BUG: KCSAN: data-race in io_wq_activate_free_worker / io_wq_worker_running

write to 0xffff888127f736c4 of 4 bytes by task 4731 on cpu 1:
    io_wq_worker_running+0x64/0xa0 io_uring/io-wq.c:668
    schedule_timeout+0xcc/0x230 kernel/time/timer.c:2167
    io_wq_worker+0x4b2/0x840 io_uring/io-wq.c:633
    ret_from_fork+0x2e/0x40 arch/x86/kernel/process.c:145
    ret_from_fork_asm+0x11/0x20 arch/x86/entry/entry_64.S:304

read to 0xffff888127f736c4 of 4 bytes by task 4719 on cpu 0:
    io_wq_get_acct io_uring/io-wq.c:168 [inline]
    io_wq_activate_free_worker+0xfa/0x280 io_uring/io-wq.c:267
    io_wq_enqueue+0x262/0x450 io_uring/io-wq.c:914

1) the worst case scenario we'll choose a wrong type of
worker, which is inconsequential.

2) we're changing the IO_WORKER_F_RUNNING bit, but checking
for IO_WORKER_F_BOUND. The latter one is set at the very
beginning, it would require compiler to be super inventive
to actually hit the problem.

I don't believe it's a problem, but it'll nice to attribute
it properly, READ_ONCE?, or split IO_WORKER_F_BOUND out into
a separate field.

It's a simple bit flag set & read, I'd go for READ_ONCE() (and
WRITE_ONCE() - but up to you, these bitflag sets & reads have been ok
with just the READ_ONCE(), and KCSAN currently doesn't care if there's
a WRITE_ONCE() or not).

value changed: 0x0000000d -> 0x0000000b

This is interesting though - it says that it observed 2 bits being
flipped. We don't see where IO_WORKER_F_FREE was unset though.
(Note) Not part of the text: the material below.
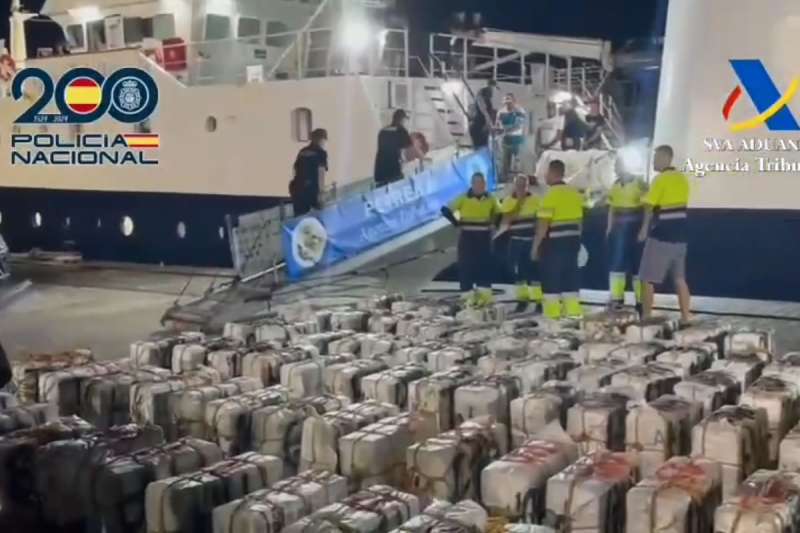 Ten crew members arrested on fishing boat carrying 3,300 kilos of cocaine near the Canaries 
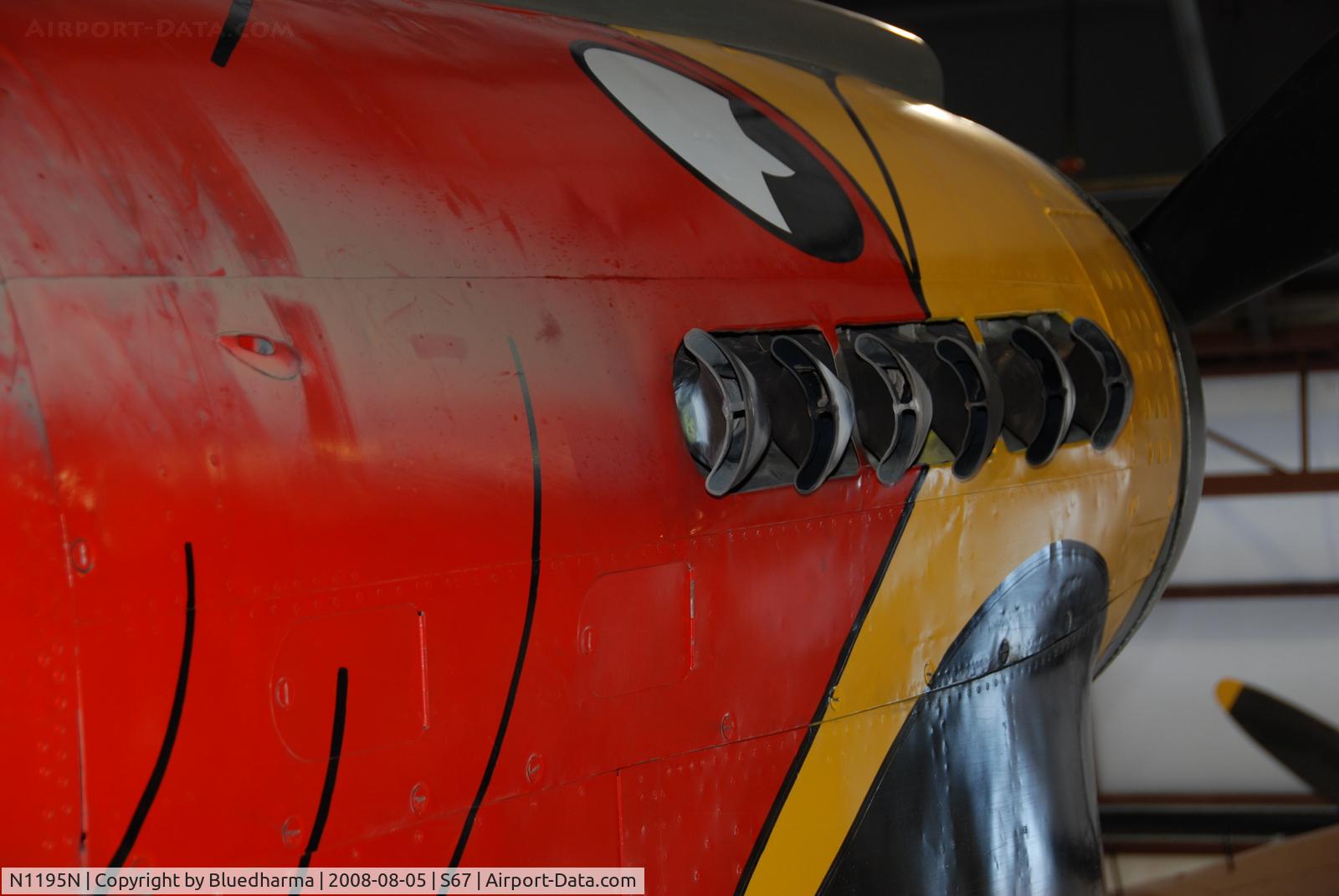 N1195N, 1942 Curtiss P-40N Warhawk C/N 130158, On display at Warhawk Air Museum.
__io_worker_busy() clears it, should be it. I assume syz just
missed another false data race with this one. After init only
the worker thread should be changing the flags AFAIR

The data races reported are very real, i.e. it only reports if it
actually observes _real_ concurrency. I guess the question is if these

That's what I'm saying, I assume that syz is not completely
analytical and triggering a race is subject to execution
randomness, and races with IO_WORKER_F_FREE are harder to hit
for syzkaller.

are benign or not. If benign, you can choose to annotate with

Yes, it is, just like the one in the report

READ/WRITE_ONCE [1], data_race, or leave as is (ignoring this report
should not make it re-report any time soon).


Pavel Begunkov